EXERCISE REQUIREMENTS: From the data that follows, set down exactly the lines from the one with "- Light Pink" through the one with "JUMBEAR Álbum de", counting both. Pictures stay out.

---------- EXERCISE DATA

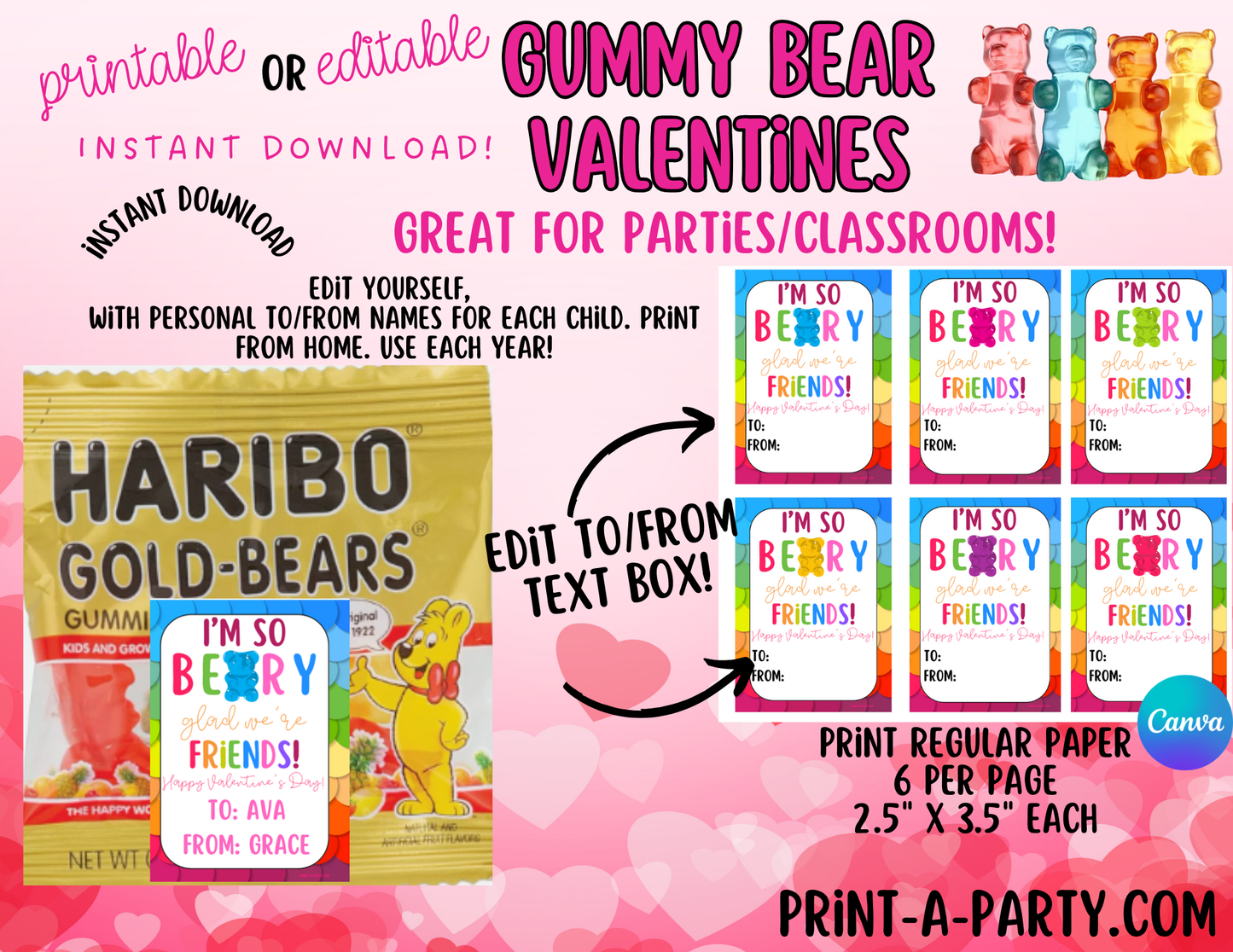 Valentine EDITABLE TEMPLATE: GUMMY BEARS VALENTINE CARD - Customizable Cards for Kids, Classrooms, and Parties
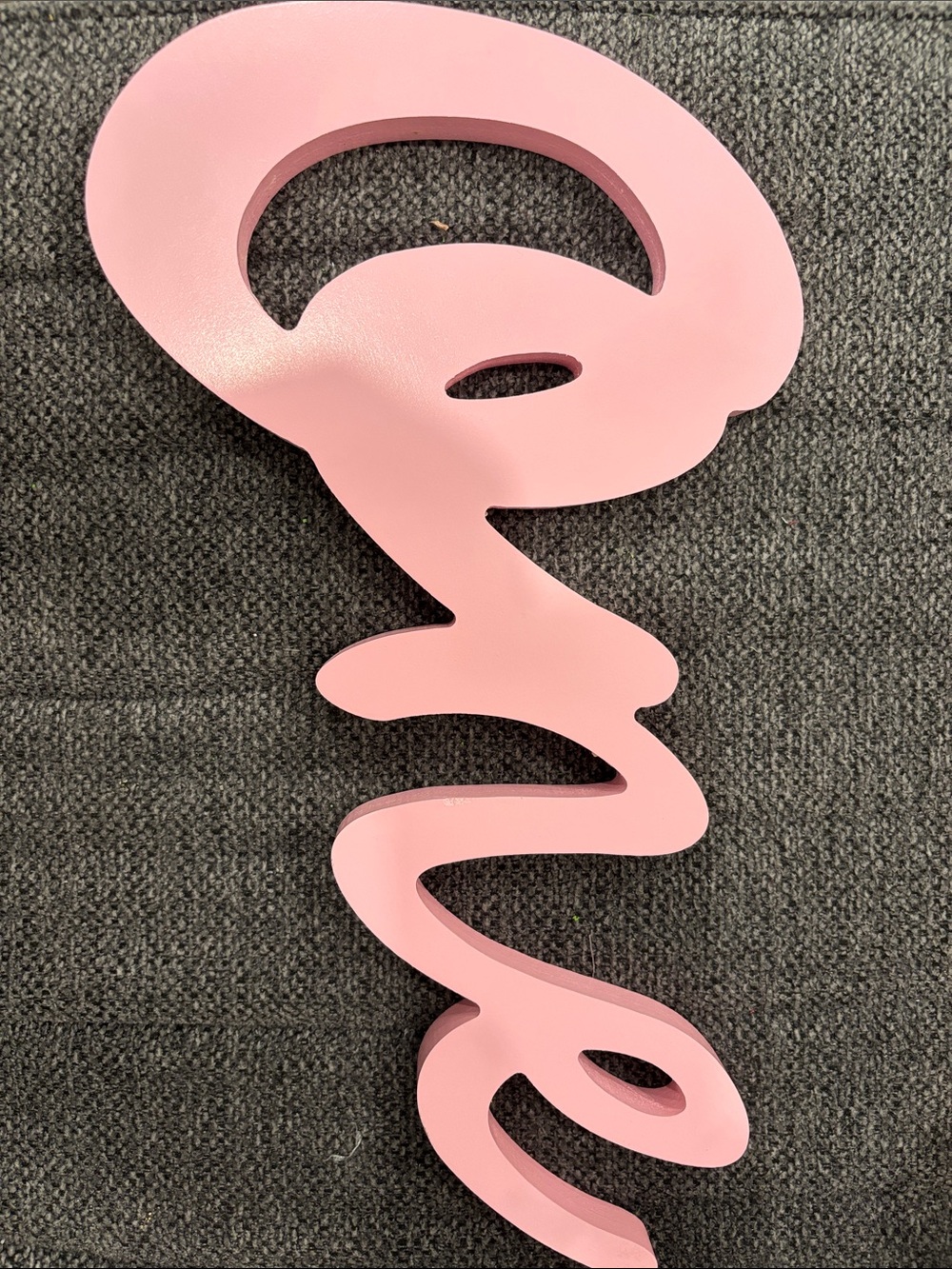 Wooden "One" Sign - Light Pink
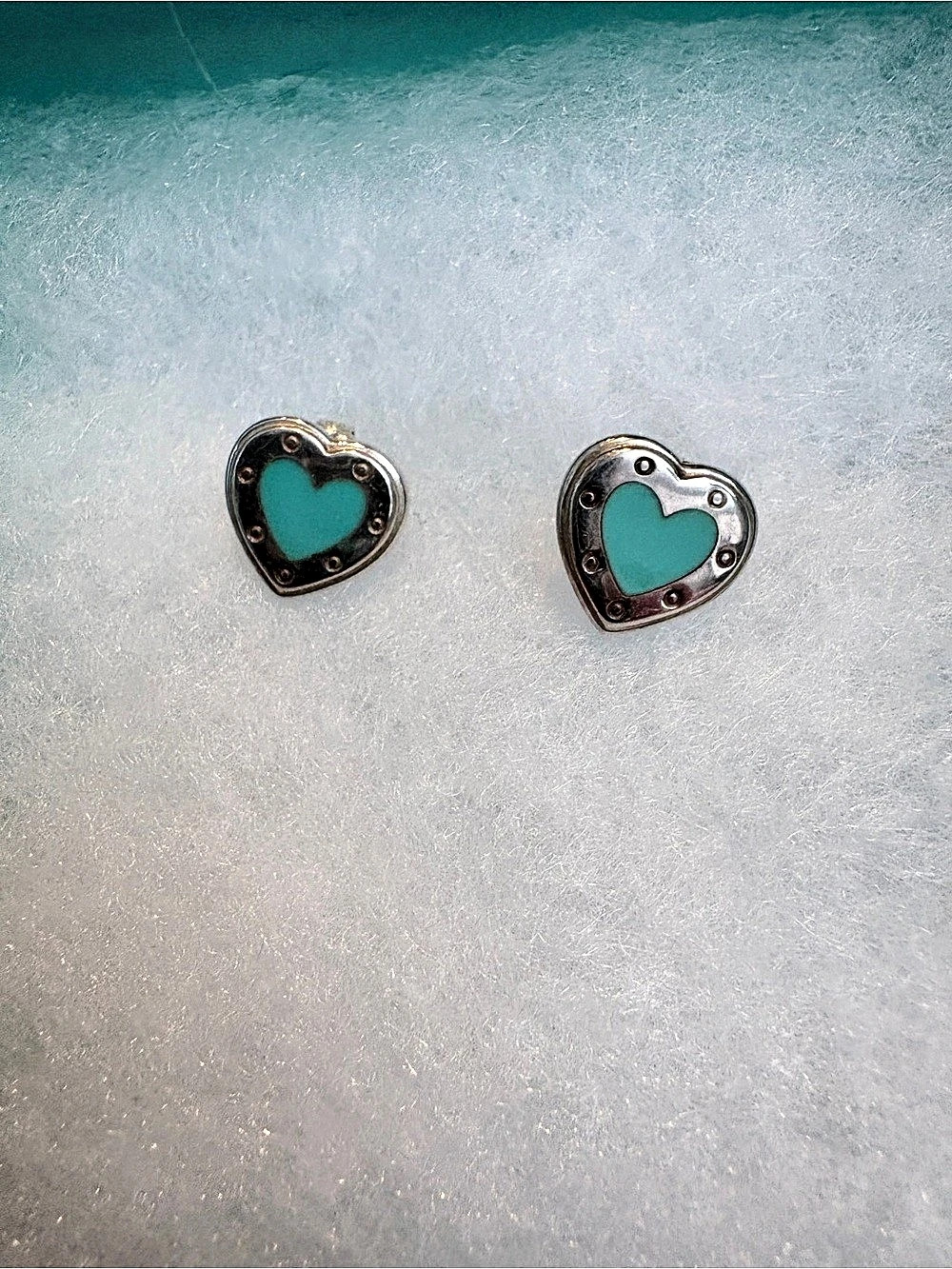 Tiffany & Co. Return to Tiffany Blue Enamel Heart Stud Earrings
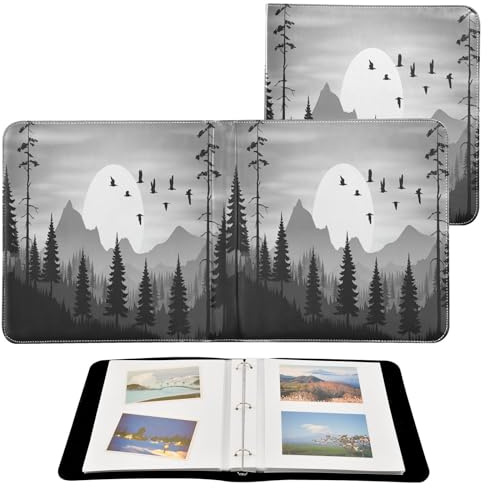JUMBEAR Álbum de fotos grande autoadhesivo con 20 páginas, álbum de recortes para boda, familia, bebé, vacaciones, estilo cordillera en blanco y negro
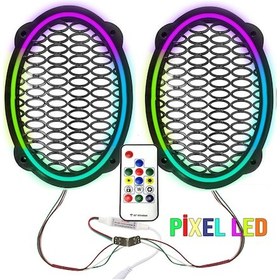 Resim Pixel Ledli Oval Hoparlör Kapak 2adet Poke Pk-5652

--------------------

RESPONSE TO THIS TASK:
 Wooden "One" Sign - Light Pink
 Tiffany & Co. Return to Tiffany Blue Enamel Heart Stud Earrings
JUMBEAR Álbum de fotos grande autoadhesivo con 20 páginas, álbum de recortes para boda, familia, bebé, vacaciones, estilo cordillera en blanco y negro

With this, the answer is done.